Doctor Sleep is an admirable sequel to one of the most influential films ever made: The Shining. Director Mike Flanagan does a fine job of making a movie that should satisfy fans of both Stephen King’s and Stanley Kubrick’s disparate works.
Decades after the horrific events at the Overlook Hotel, Dan Torrance (Ewan McGregor) is an alcoholic drifter. He eventually finds his way to a small New Hampshire town. There, Dan works an orderly at the local hospice, attends AA meetings, and starts to turn his life around. Meanwhile, a cult led by Rose the Hat (Rebecca Ferguson) roams the country looking for children who “shine” so they can consume that power. An incredibly powerful girl named Abra (Kyleigh Curran) has caught their attention, forcing Abra to reach out to Dan to help her.

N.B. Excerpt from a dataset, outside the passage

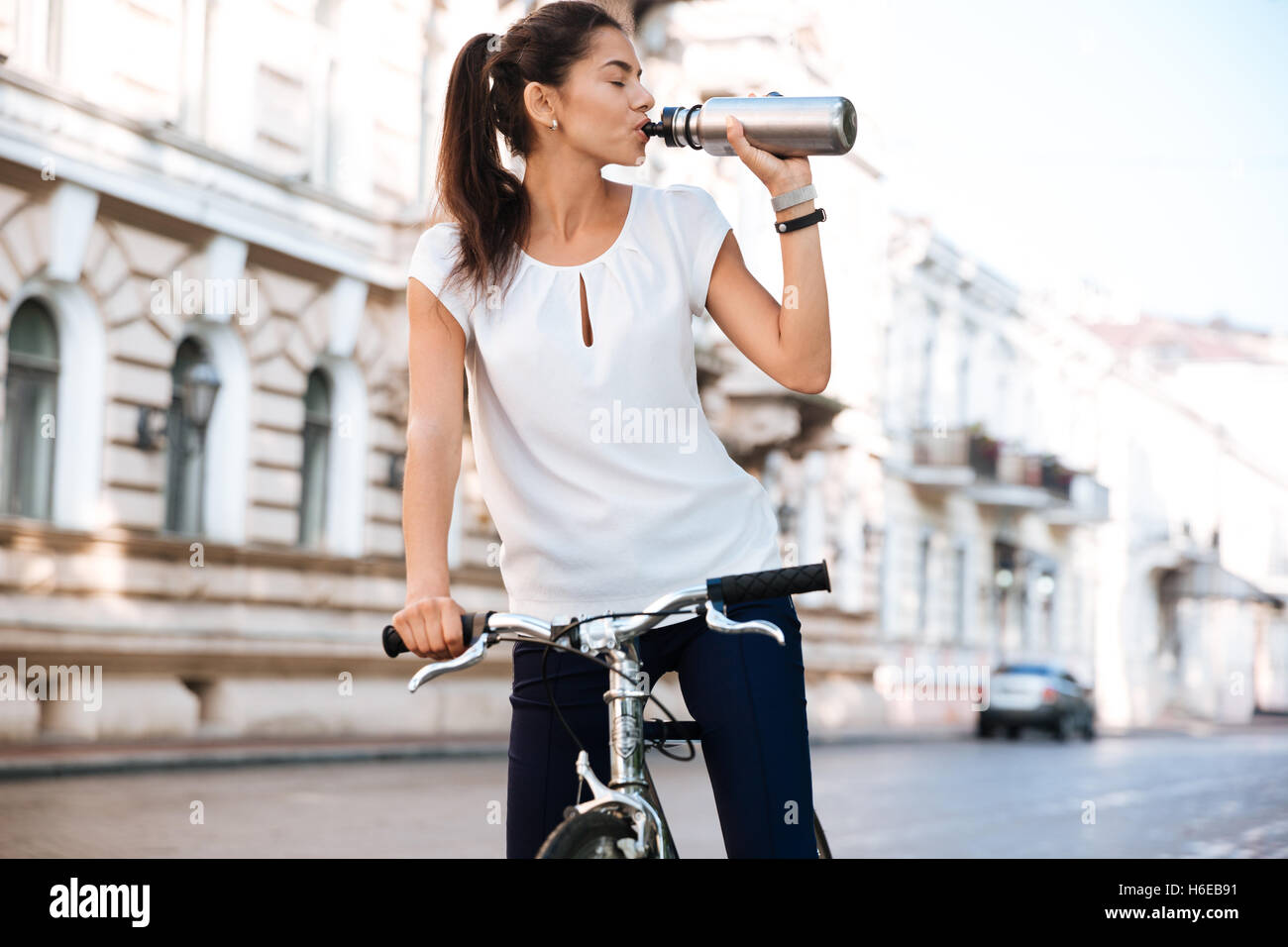 Young beautiful woman drinking water from the bottle while riding bicycle Stock Photo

Flanagan, whose previous work includes Netflix’s “The Haunting at Hill House,” does a remarkable job balancing elements of “The Shining” (the novel) and The Shining (the film). For those unaware, Kubrick’s 1980 adaptation of King’s 1977 novel took extreme liberties with the source material. King famously derided the film, going so far as to commission another adaptation (this time as a mini-series) several years later that was more faithful to the book.

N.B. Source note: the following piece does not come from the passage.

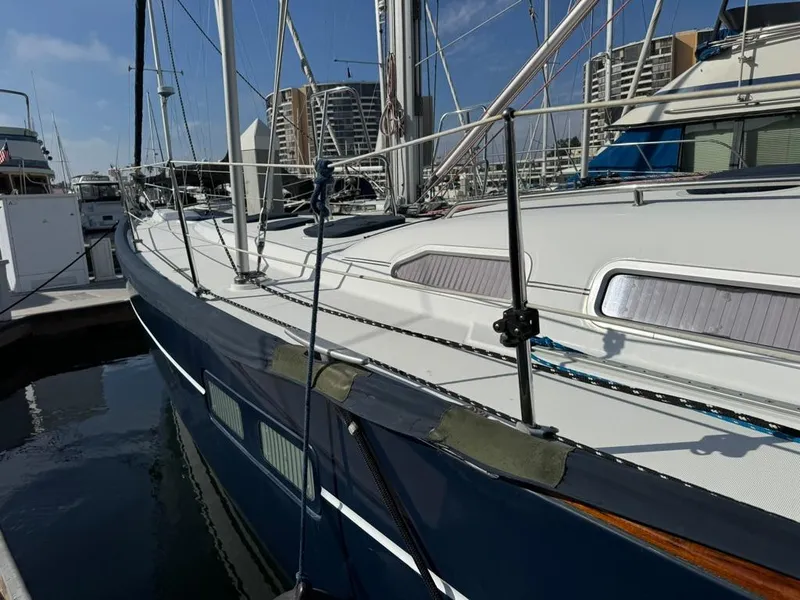 Slide: The Image of Beneteau Oceanis Clipper 473, 2004 model, docked at marina with clear blue sky. - 3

Those who have read “Doctor Sleep” having only seen The Shining might be alarmed at how many inconsistencies there are. For example, the Overlook Hotel is razed to the ground in the novel, and Dick Halloran survives. Flanagan’s Doctor Sleep adaptation is adept at reconciling these differences, acting as a sequel to both works.
About two-thirds of Doctor Sleep play out as a relatively straightforward (and faithful) adaptation of the novel. References to The Shining are occasional. These include things like music cues, the appearance of certain characters, and even the design of a certain doctor’s office.

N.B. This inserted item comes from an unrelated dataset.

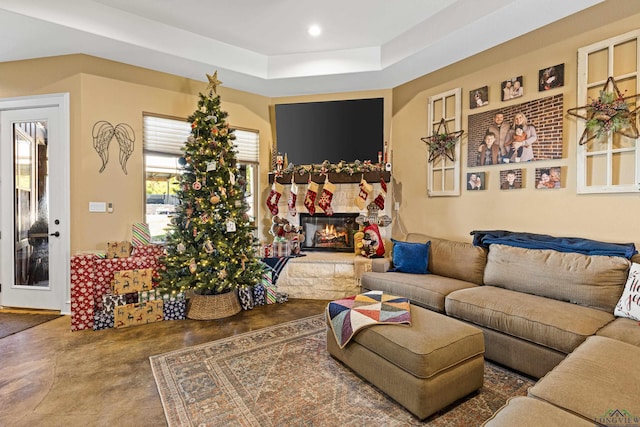 living room with a stone fireplace and a tray ceiling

The third act is where things lean heavily towards the Kubrickian influences in terms of production design, cinematography, score, and even casting. There are recreations of key events from the 1980 film featuring new actors, but they’re done seamlessly. Technology has brought us far enough to bring actors like Peter Cushing back to life, or convincingly de-age Michael Douglass. Doctor Sleep proves that simply re-casting iconic roles is still the least distracting option.
Pacing is the only real issue that Flanagan struggles with. Much like the novel, the movie starts out choppy as it establishes three storylines that don’t fully converge until the third act. Furthermore, the movie runs a bit too long. Though in its defense, no scenes really leap to mind as being easily removable. The movie’s ending has been changed a bit from the novel’s, but in a good way. It resolves things well from both a thematic and (especially) a narrative standpoint.
McGregor is fine in the role. He gets a handful of dramatic scenes to really tear into, and he handles himself capably. Ferguson’s accent is a bit inconsistent, but she’s also good. Curran has the trickiest role as Abra, and gives a very good performance. The rest of the cast is serviceable but underutilized. (Especially Bruce Greenwood, whose appearance amounts to a cameo.) The actors playing re-cast versions of characters from The Shining are all excellent. In particular, Alex Essoe, who steps into Shelley Duvall’s shoes.
As mentioned, editing (also by Flanagan) could’ve been tighter. Lensing by Michael Fimognari is a bit flat and lifeless, but maybe that’s the point. Design elements are strong and visual effects, though relatively minimal, are effective when called upon. The score by The Newton Brothers (regular Flanagan collaborators) is also good. It’s generally its own thing but references The Shining when it has to.